- **Exercise description**:
Because the material must match the original, reproduce every line of it exactly.

[[ Data shown, beginning ]]

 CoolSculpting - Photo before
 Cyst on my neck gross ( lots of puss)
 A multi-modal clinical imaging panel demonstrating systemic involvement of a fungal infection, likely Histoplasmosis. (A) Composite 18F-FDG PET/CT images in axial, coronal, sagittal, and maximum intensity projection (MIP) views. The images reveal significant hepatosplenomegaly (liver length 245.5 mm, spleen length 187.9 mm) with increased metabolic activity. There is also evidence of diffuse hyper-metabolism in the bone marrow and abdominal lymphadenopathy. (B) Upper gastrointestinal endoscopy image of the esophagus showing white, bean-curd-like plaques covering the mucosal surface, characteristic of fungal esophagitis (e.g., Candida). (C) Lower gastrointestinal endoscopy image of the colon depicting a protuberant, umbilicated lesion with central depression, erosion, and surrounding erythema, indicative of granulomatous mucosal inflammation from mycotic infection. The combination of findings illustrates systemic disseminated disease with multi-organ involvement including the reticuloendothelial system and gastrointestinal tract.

[[ Data shown, end ]]

- **Answer box**:
 CoolSculpting - Photo before
 Cyst on my neck gross ( lots of puss)
 A multi-modal clinical imaging panel demonstrating systemic involvement of a fungal infection, likely Histoplasmosis. (A) Composite 18F-FDG PET/CT images in axial, coronal, sagittal, and maximum intensity projection (MIP) views. The images reveal significant hepatosplenomegaly (liver length 245.5 mm, spleen length 187.9 mm) with increased metabolic activity. There is also evidence of diffuse hyper-metabolism in the bone marrow and abdominal lymphadenopathy. (B) Upper gastrointestinal endoscopy image of the esophagus showing white, bean-curd-like plaques covering the mucosal surface, characteristic of fungal esophagitis (e.g., Candida). (C) Lower gastrointestinal endoscopy image of the colon depicting a protuberant, umbilicated lesion with central depression, erosion, and surrounding erythema, indicative of granulomatous mucosal inflammation from mycotic infection. The combination of findings illustrates systemic disseminated disease with multi-organ involvement including the reticuloendothelial system and gastrointestinal tract.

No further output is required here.